_What to work on_
There are pictures in the records below; leave them out and set down exactly the lines from the one holding "woman wearing a" through the one holding "klick laboratories installation".

_Exercise materials_
★ ★ ★ ★

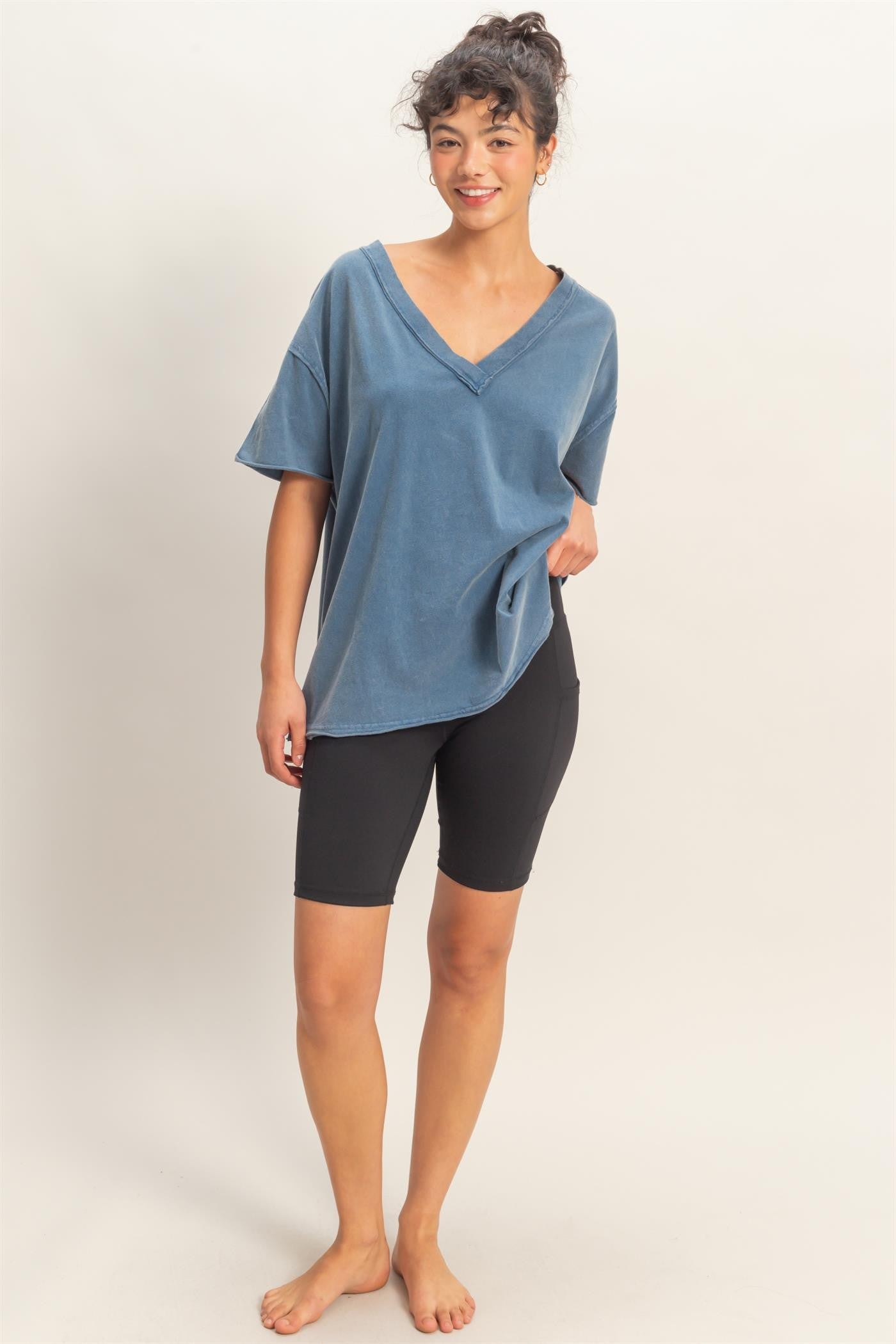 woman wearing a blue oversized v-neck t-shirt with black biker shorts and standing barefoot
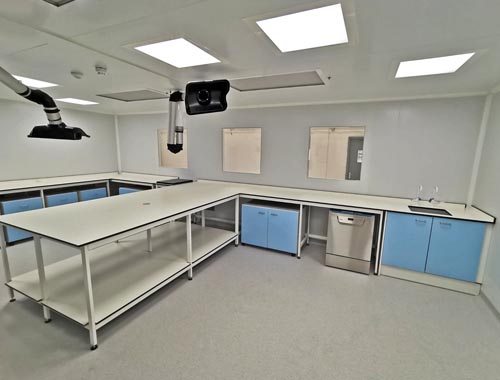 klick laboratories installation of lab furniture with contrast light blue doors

★ ★ ★ ★

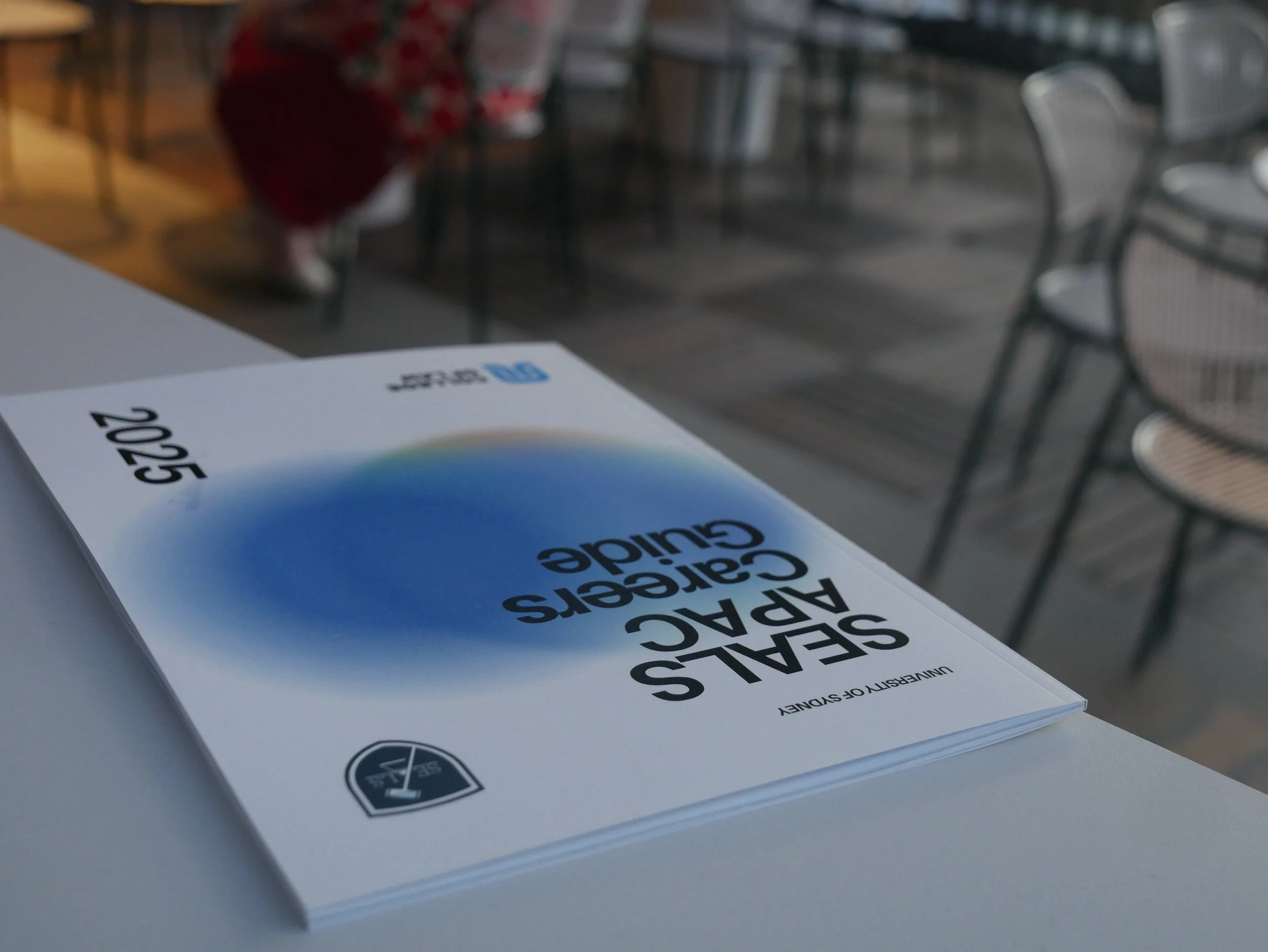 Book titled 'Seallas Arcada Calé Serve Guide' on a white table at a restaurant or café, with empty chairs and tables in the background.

★ ★ ★ ★

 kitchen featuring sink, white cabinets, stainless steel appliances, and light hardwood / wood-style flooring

★ ★ ★ ★

_Output for this exercise_
 woman wearing a blue oversized v-neck t-shirt with black biker shorts and standing barefoot
 klick laboratories installation of lab furniture with contrast light blue doors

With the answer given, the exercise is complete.